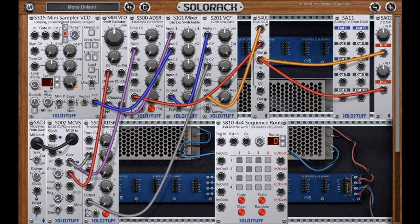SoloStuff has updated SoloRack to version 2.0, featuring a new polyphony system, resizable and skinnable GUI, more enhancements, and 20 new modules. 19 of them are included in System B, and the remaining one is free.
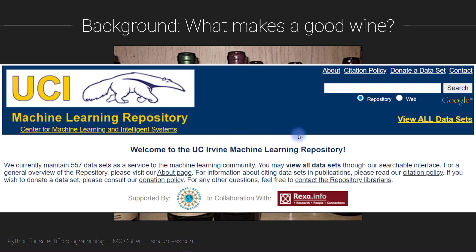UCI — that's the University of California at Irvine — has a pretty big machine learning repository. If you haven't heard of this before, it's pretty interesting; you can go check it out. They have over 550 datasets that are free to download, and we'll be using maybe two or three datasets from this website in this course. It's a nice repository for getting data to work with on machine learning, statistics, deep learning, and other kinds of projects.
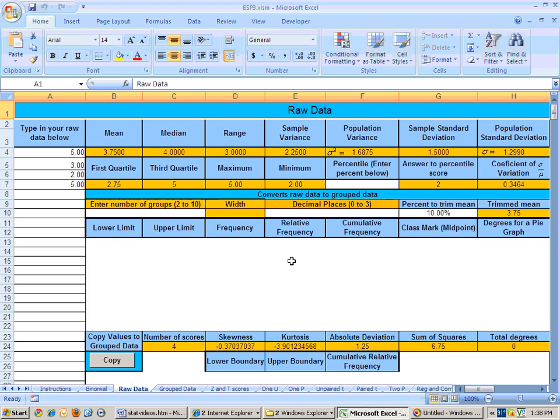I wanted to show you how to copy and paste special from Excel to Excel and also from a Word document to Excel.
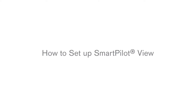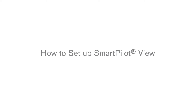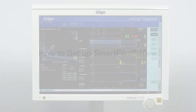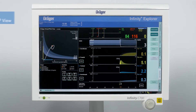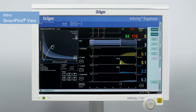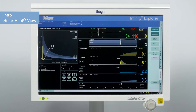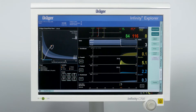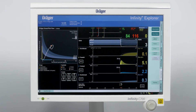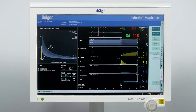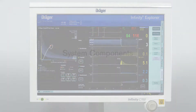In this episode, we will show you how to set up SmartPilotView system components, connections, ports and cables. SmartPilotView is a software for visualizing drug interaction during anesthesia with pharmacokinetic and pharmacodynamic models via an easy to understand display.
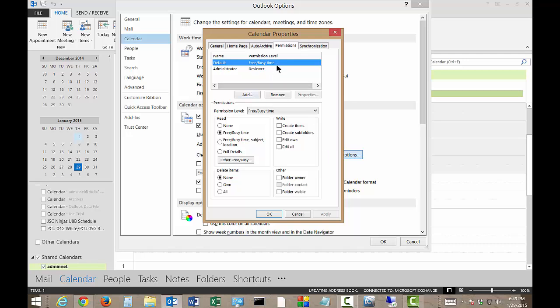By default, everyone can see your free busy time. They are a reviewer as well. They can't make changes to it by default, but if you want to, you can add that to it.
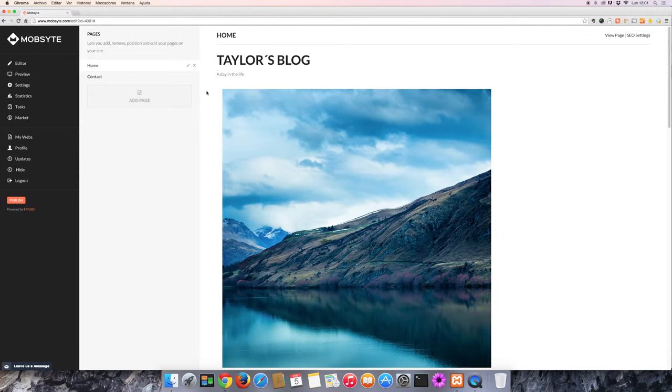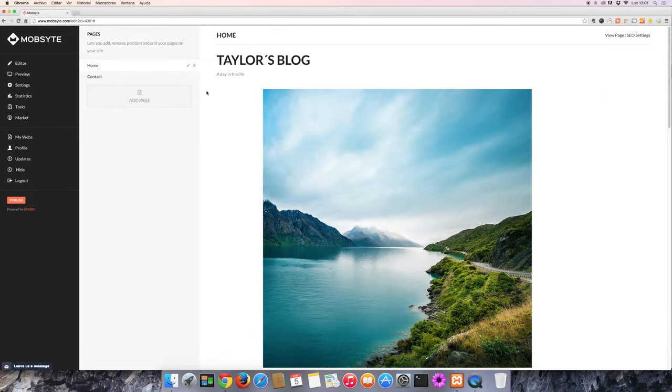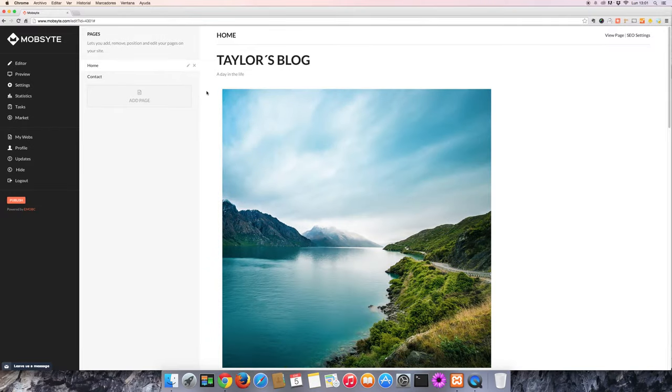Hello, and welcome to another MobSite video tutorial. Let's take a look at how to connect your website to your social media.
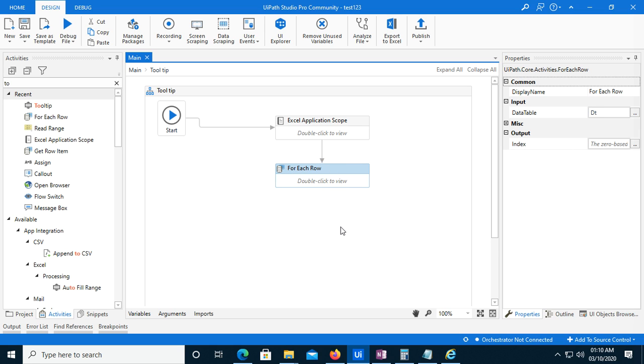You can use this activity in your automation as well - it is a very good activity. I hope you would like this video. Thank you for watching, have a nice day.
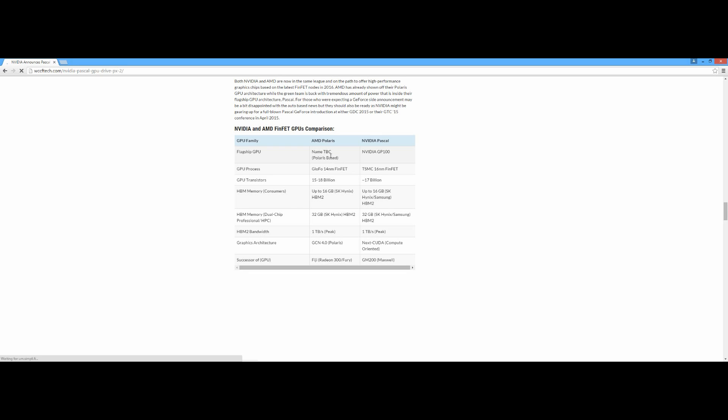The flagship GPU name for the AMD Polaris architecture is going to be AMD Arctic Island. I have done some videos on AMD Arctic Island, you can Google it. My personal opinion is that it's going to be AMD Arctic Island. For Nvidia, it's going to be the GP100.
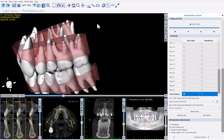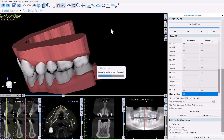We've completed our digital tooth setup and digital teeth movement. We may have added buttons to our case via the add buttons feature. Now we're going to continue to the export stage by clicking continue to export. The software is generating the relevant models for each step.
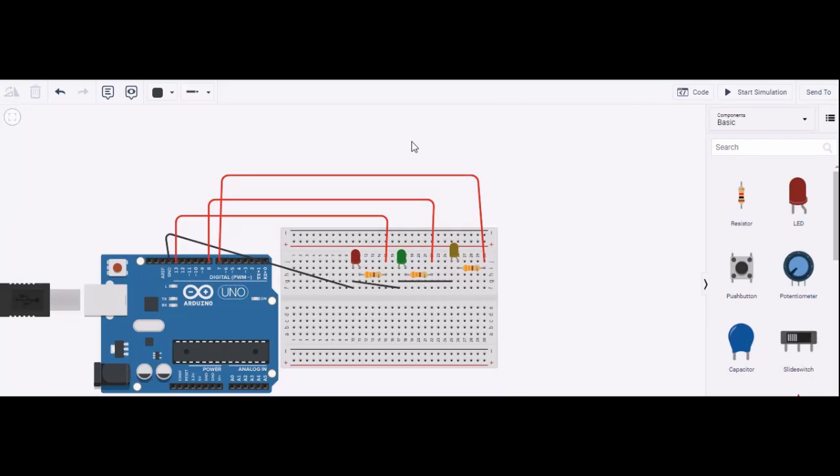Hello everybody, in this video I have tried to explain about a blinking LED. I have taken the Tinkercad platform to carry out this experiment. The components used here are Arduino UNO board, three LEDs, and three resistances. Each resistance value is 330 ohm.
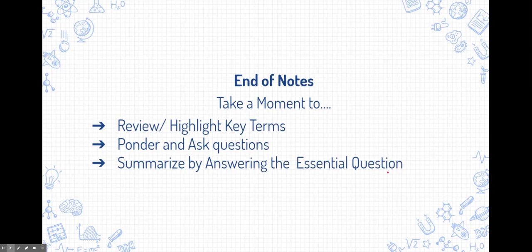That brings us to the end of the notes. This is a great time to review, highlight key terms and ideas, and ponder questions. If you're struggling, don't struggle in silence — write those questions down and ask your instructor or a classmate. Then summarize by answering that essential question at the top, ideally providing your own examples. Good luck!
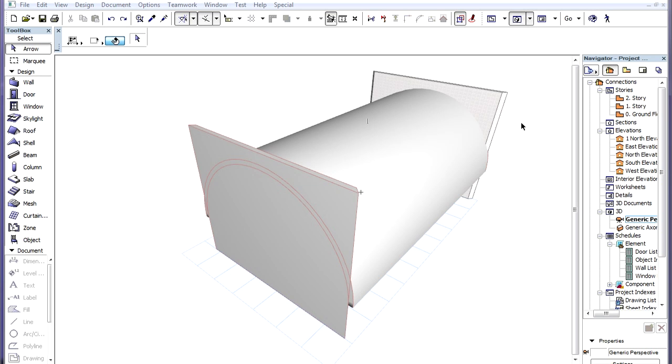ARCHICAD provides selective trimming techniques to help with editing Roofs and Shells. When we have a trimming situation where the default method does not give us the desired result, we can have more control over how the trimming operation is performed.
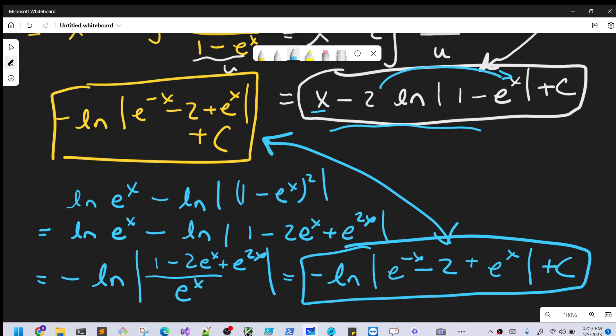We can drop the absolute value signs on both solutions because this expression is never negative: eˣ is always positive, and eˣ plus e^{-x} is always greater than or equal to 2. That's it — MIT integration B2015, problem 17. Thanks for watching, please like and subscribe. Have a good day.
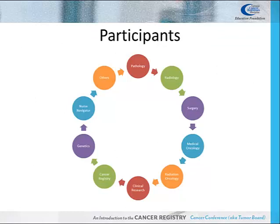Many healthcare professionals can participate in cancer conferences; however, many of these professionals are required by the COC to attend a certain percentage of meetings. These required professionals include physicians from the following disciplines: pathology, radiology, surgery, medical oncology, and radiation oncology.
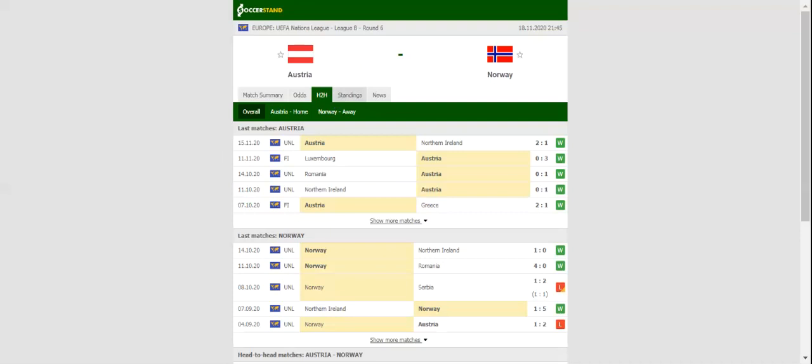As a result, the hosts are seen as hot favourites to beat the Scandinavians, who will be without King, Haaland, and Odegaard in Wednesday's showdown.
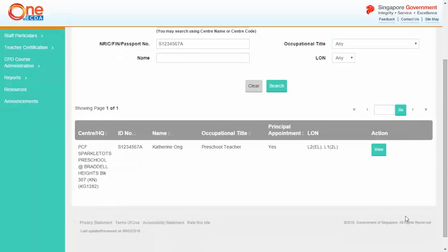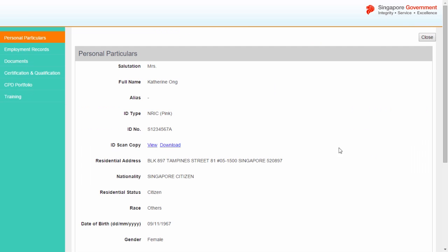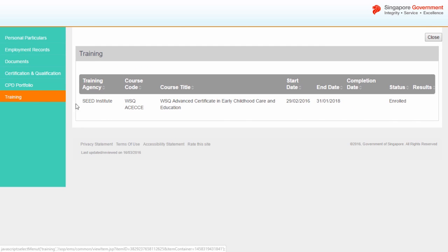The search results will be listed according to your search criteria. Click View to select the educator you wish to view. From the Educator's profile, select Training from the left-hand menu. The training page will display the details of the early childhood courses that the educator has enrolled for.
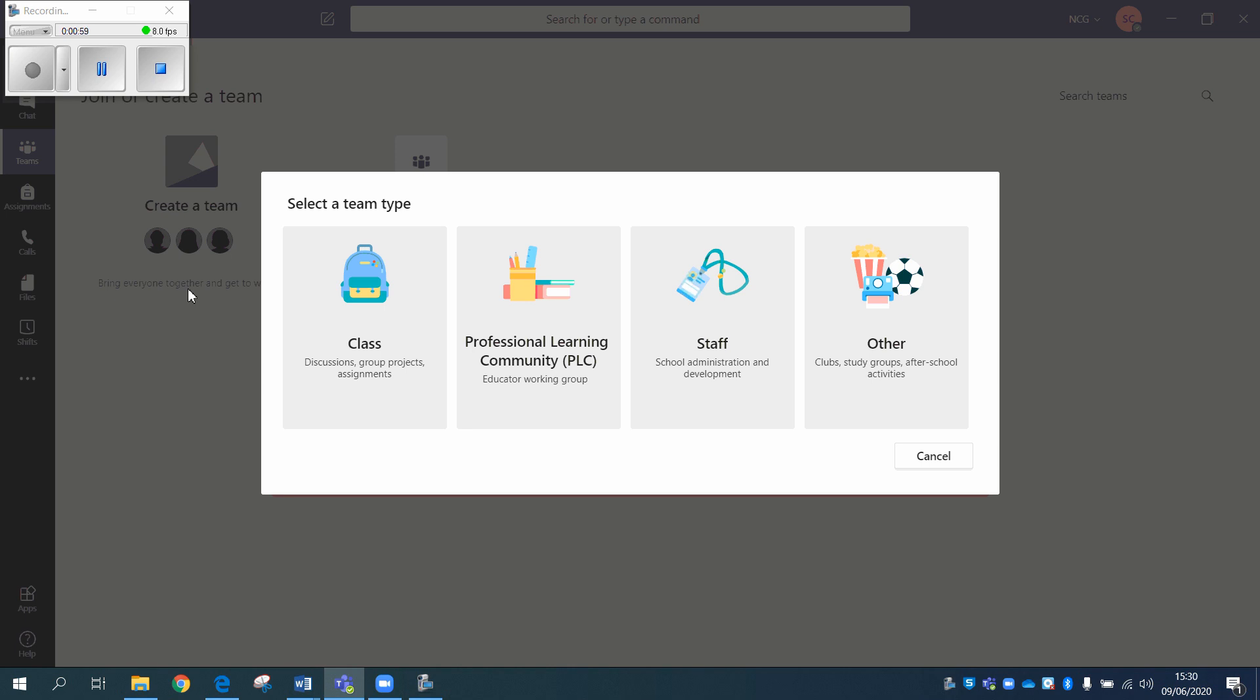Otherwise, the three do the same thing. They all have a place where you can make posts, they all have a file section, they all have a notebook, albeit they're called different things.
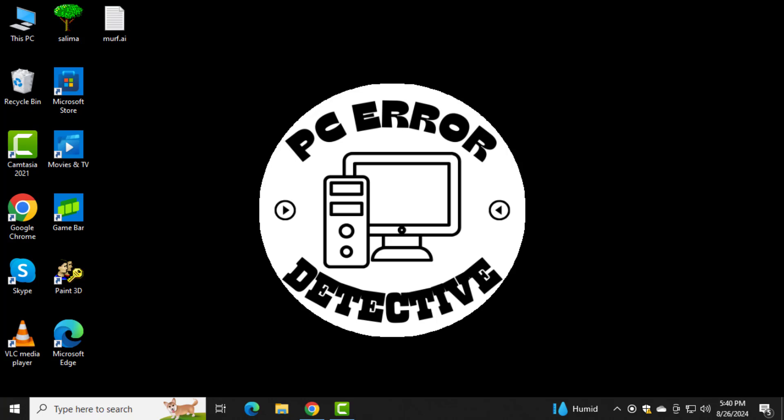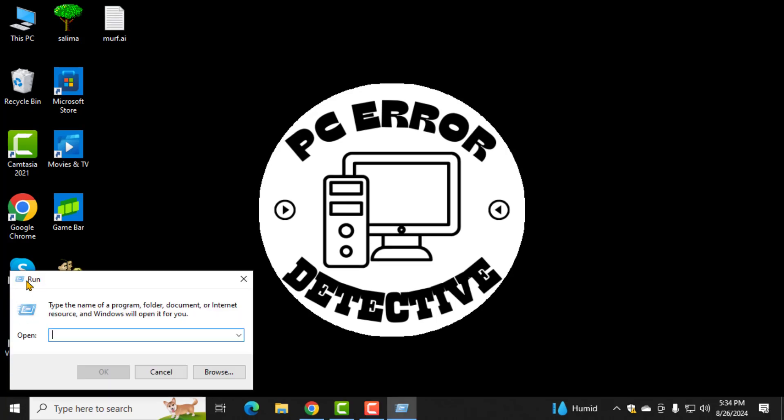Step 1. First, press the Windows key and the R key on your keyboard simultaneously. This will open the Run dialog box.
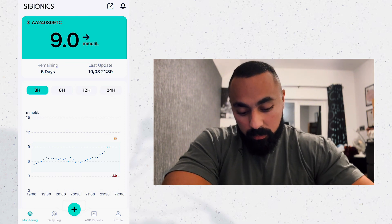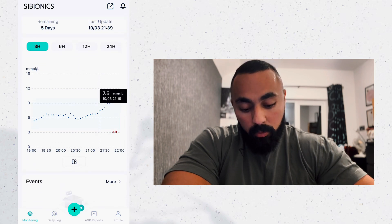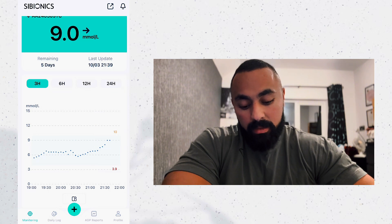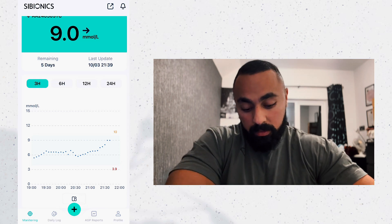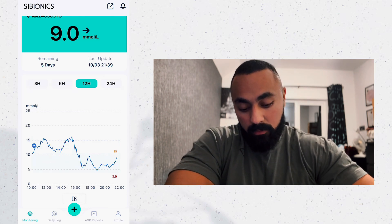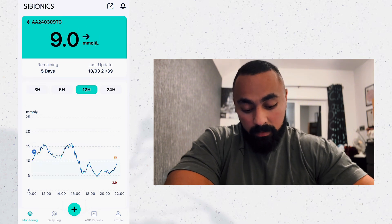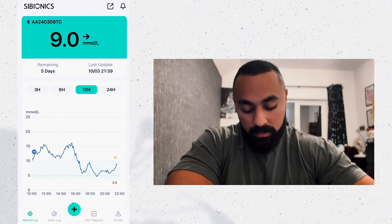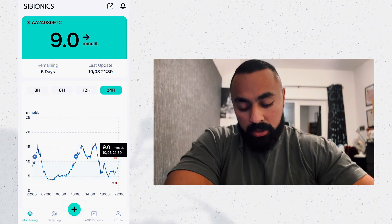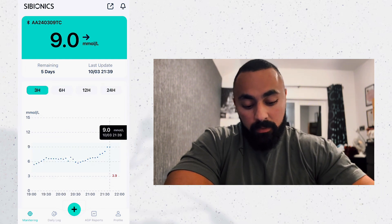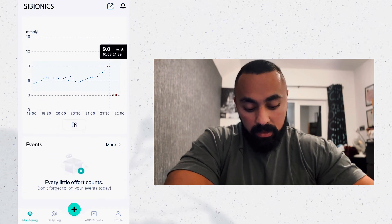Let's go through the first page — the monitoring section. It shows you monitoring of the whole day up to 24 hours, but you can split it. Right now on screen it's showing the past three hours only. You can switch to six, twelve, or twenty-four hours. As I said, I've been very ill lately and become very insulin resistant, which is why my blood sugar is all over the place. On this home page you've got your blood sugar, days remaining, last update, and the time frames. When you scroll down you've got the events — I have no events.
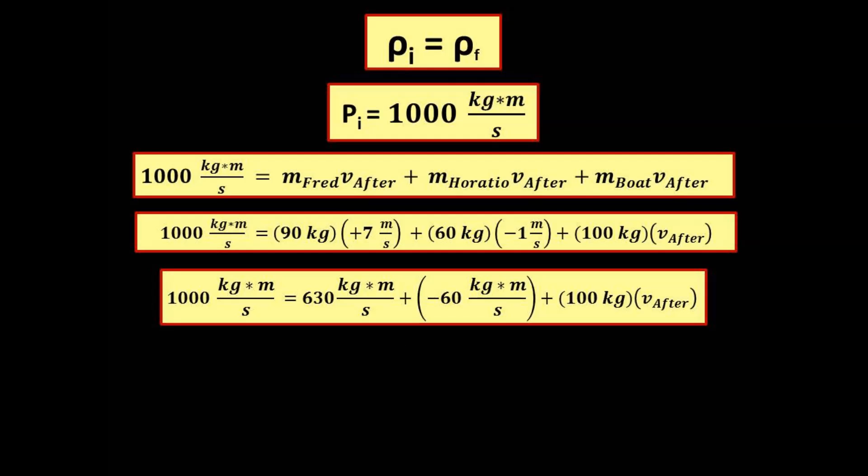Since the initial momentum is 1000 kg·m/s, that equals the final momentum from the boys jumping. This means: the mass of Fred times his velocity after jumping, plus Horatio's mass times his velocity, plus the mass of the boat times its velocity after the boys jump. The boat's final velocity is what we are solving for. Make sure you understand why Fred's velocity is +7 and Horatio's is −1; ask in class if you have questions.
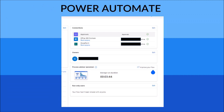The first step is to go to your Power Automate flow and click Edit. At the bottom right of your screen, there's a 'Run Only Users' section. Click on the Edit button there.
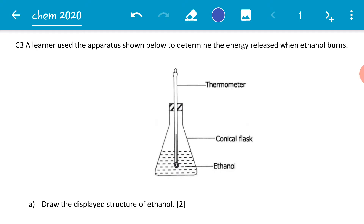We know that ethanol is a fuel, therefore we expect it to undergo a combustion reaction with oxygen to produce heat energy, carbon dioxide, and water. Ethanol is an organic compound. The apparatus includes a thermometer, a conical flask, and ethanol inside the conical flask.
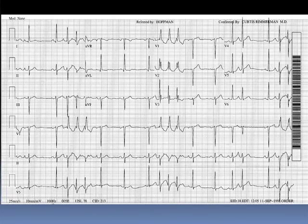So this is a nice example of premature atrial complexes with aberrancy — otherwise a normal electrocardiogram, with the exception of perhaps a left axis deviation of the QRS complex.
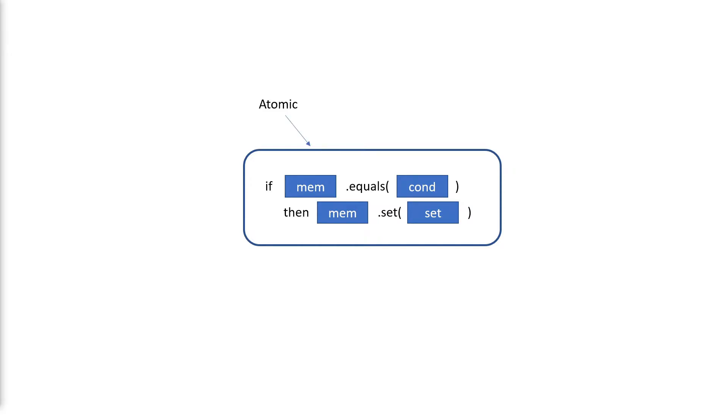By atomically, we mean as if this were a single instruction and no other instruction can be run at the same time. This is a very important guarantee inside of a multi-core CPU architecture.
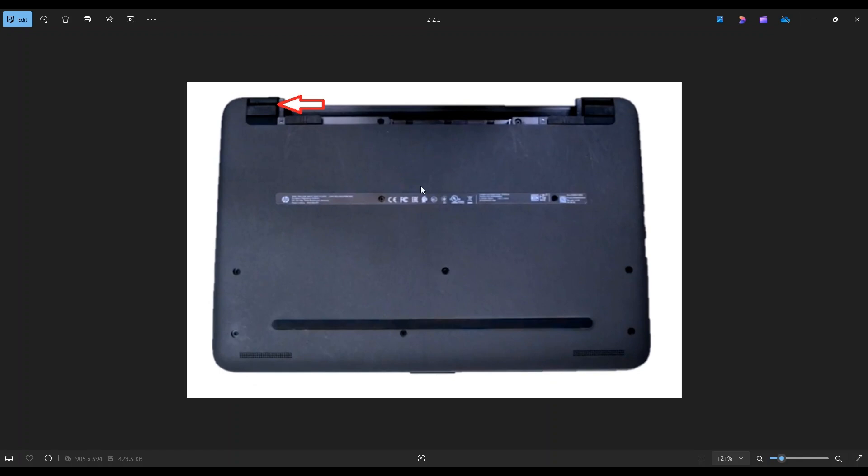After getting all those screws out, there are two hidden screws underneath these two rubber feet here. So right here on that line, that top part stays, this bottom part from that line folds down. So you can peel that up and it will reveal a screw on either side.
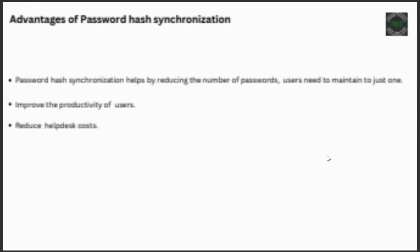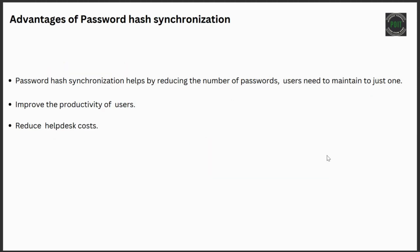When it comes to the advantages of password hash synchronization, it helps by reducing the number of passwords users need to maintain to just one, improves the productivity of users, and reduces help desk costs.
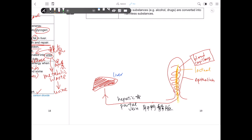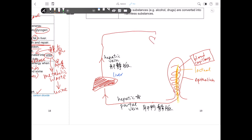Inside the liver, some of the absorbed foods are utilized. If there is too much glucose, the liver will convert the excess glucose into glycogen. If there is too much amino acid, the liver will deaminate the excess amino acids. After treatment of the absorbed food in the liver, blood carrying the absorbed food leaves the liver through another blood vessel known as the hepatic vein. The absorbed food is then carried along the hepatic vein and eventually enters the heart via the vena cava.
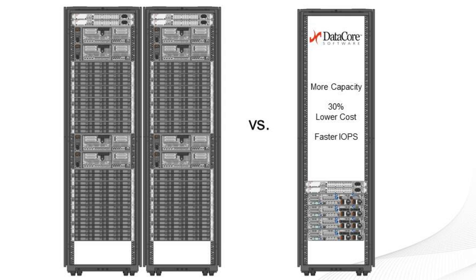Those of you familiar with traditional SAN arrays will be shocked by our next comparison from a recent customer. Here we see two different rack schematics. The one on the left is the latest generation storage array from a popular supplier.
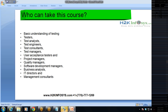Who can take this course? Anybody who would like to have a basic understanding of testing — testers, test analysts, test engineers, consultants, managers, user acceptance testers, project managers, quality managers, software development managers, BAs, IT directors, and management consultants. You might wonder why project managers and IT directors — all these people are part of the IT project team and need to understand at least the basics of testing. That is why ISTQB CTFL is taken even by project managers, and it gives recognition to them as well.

• [What is required]: What you need to produce is an exact copy of the entries above, limited to the lines from the one with "Hello, and welcome" up to and including the one with "You can use", without pictures.

• [Written reply]:
Hello, and welcome to another MobSite video tutorial. Let's take a look at how to connect your website to your social media.
You can use this activity in your automation as well - it is a very good activity. I hope you would like this video. Thank you for watching, have a nice day.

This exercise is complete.